Results and Discussion

Observe first that if we set both the retention rate \(R\) and the temperature \(T\) to zero, the game is deterministic and entirely determined by the initial configuration. In this case the players always adapt to the best strategy in their neighborhood.

We randomly initialize the grid with two simple strategies: always go and always stay at home. In the first iteration, roughly half of the players go to the bar and the bar is therefore not crowded. Thus, the always go strategy receives higher payoff and, consequently, any player that has at least one neighbor using this strategy adopts it. There then are too many players attending the bar in the next iteration, making it crowded. However, because the players only look at their immediate neighborhood while adapting their strategies, there are some always stay home players left that happened to be completely surrounded by others with this strategy. Here, we see the advantage of only considering other strategies in a small neighborhood.

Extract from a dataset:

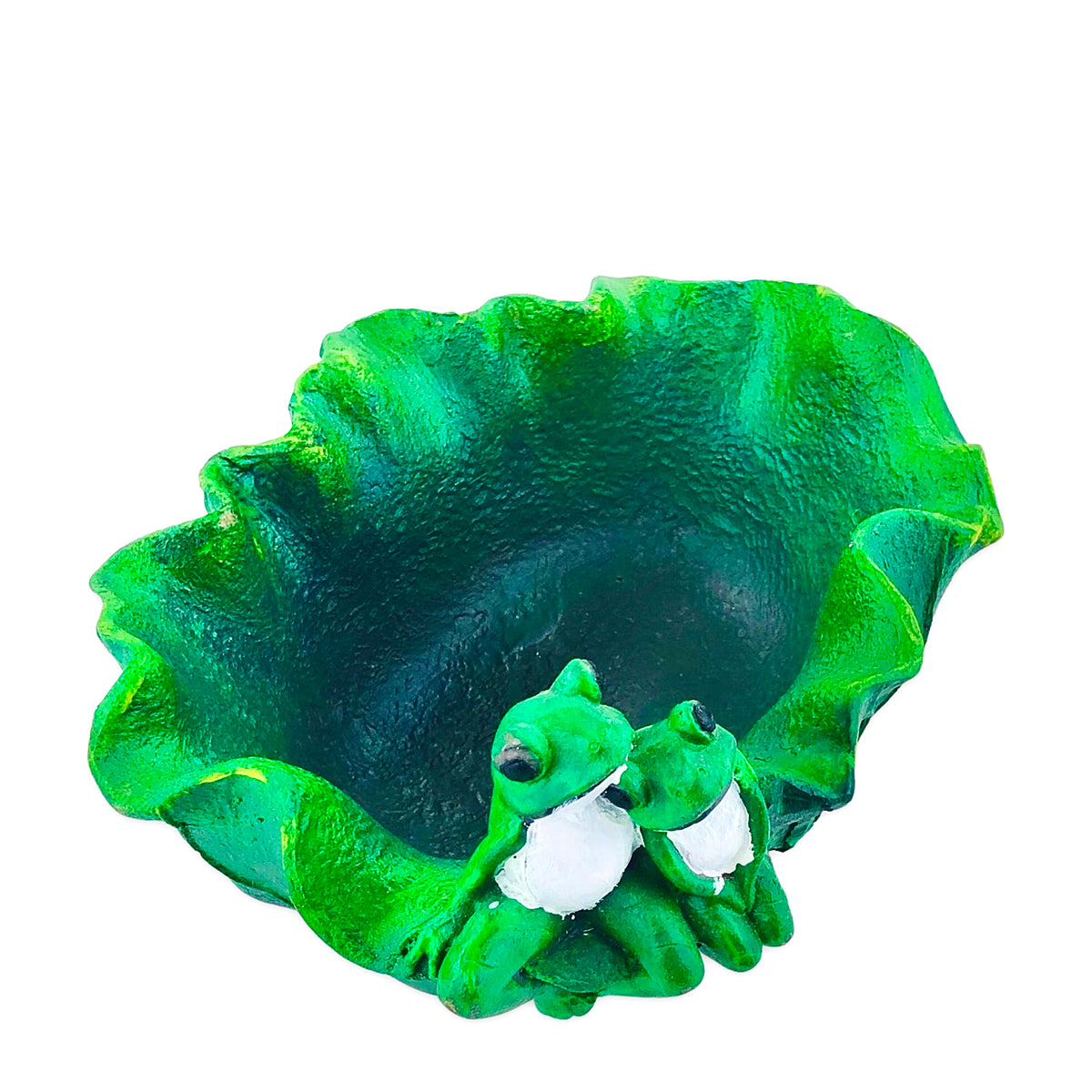Frog Design Resin Bowl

Indeed, if we considered the best strategies in a larger radius, the always stay home strategy would completely die out and all players would be worse off.

In our setup, we instead observe pulsating behavior: The bar is overcrowded in one iteration and under-attended in the next one because too many players adapt to what would have been the best strategy in the previous round. This overshooting is the reason why we don’t observe convergence to the corner solution.